Nachhaltigkeit brauche neben technischer Entwicklung auch Veränderung von Gewohnheiten, Routinen und Strukturen. „Es geht nicht darum, dass wir die richtigen Produkte im Laden kaufen, sondern dass die Produkte im Laden sich verändern.“

 

Beispiele für solche „Ökoroutine“ gebe es bereits: die FCKW-freien Kühlschränke sind heute Standard. Die Wärmeschutzverordnung hat den Energiebedarf von Häusern auf 10 % des Wertes von 1977 reduziert. In ähnlicher Weise könnte man auch eine Veränderung der Nahrungsmittelproduktion steuern.

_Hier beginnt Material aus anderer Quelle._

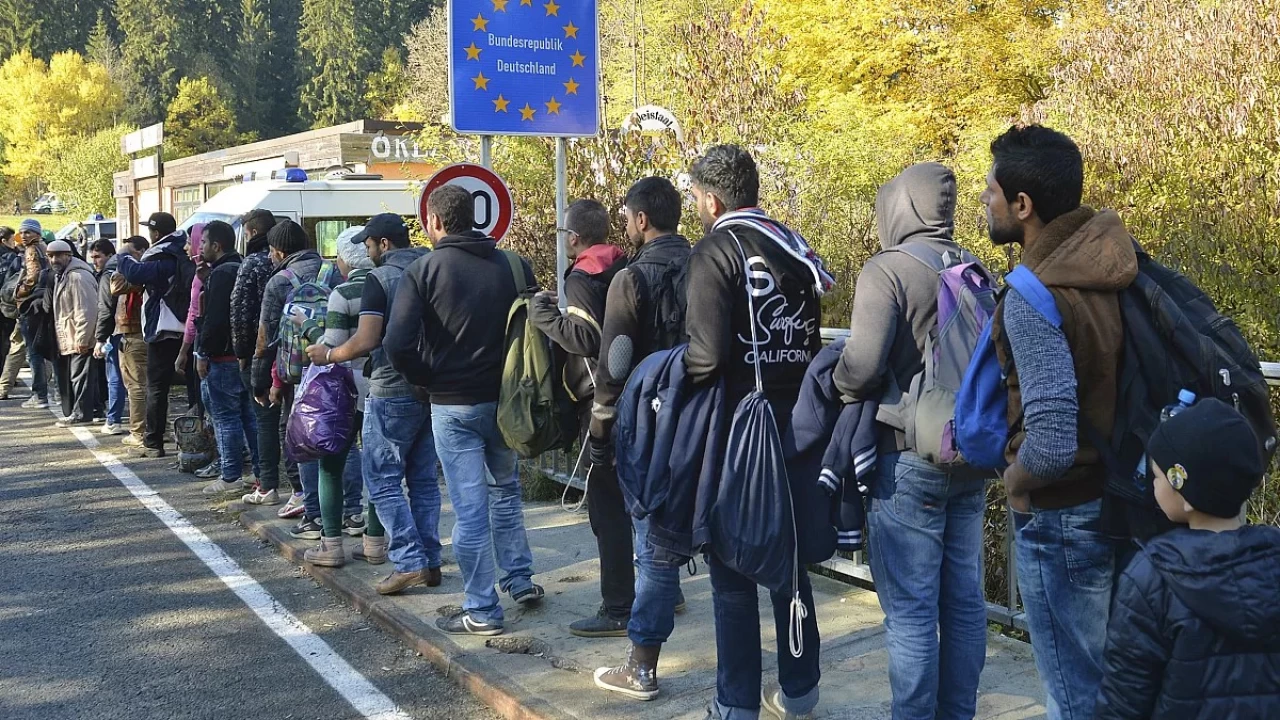 Almanya çok sayıda Afganistan vatandaşını sınır dışı etti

Die Landwirte, so Kopatz‘ Erfahrung, wären sofort dabei, wenn solche neuen Regeln EU-weit Gültigkeit hätten so dass sie nicht vom Markt abgehängt würden.

 

Ebenso sagten in einer Studie 80 % der Topmanager, dass es für eine nachhaltige Wirtschaft Vorgaben der Politik brauche.

 

Neue Standards, so der Umweltwissenschaftler, reichten jedoch nicht aus – es brauche auch neue Limits. Er plädiert dafür, den Flugverkehr auf dem aktuellen Niveau einzufrieren. „Ich werbe für Unterlassung: keine neue Startbahn in München, kein neues Terminal in Frankfurt.“ Gleiches gelte für den Straßenbau: Solange sich die Produktion einer Tiefkühl-Lasagne auf 20 Länder verteile, löse der Bau neuer Straßen keine Probleme. Allein seit 2002 habe sich die Staulänge in Deutschland vervierfacht.

 

Doch das Thema „Limits“ werde in Deutschland gar nicht diskutiert. Auch seien solche Begrenzungen nur durchzusetzen, wenn alle mitmachten, und genau da sei die Politik gefragt. Konsumverhalten, so die Überzeugung des Referenten, sei nur in der Theorie ein politisches Verhalten. Gesamtgesellschaftlich bewirke es zuwenig. „Klare Ziele für ein CO2-Limit sind verlässlicher als eine CO2-Steuer.“

 

All denen, die an dieser Stelle von einem Eingriff in die persönliche Freiheit sprechen, hält Kopatz entgegen: „Die ganze Straßenverkehrsordnung ist ein Eingriff in die Freiheitsrechte!“ Und doch stehe außer Frage, dass es sinnvoll sei, sich anzuschnallen und bei Rot zu halten.

 

Kopatz wirbt auch dafür, den Menschen positive Bilder zu zeigen von dem, was möglich wäre. „Darum geht es: dass das Richtige zu tun sich clever anfühlt!“

 

„Engagiert, klar und deutlich gesagt“ nannte in ihrem Dank die Büdinger Dekanin Sabine Bertram-Schäfer die Worte von Dr. Kopatz. Viel Stoff für Diskussion in den anschließenden Gesprächsrunden, zu denen rund hundert Gäste aus Politik, Kirche und gesellschaftlichen Institutionen der Region gekommen waren. Für stimmungsvollen Hintergrund sorgten Pianist Shanaka Perera und Saxofonist Ron Faust von der Jazzpopformation „pianoplus“ aus Bad Nauheim.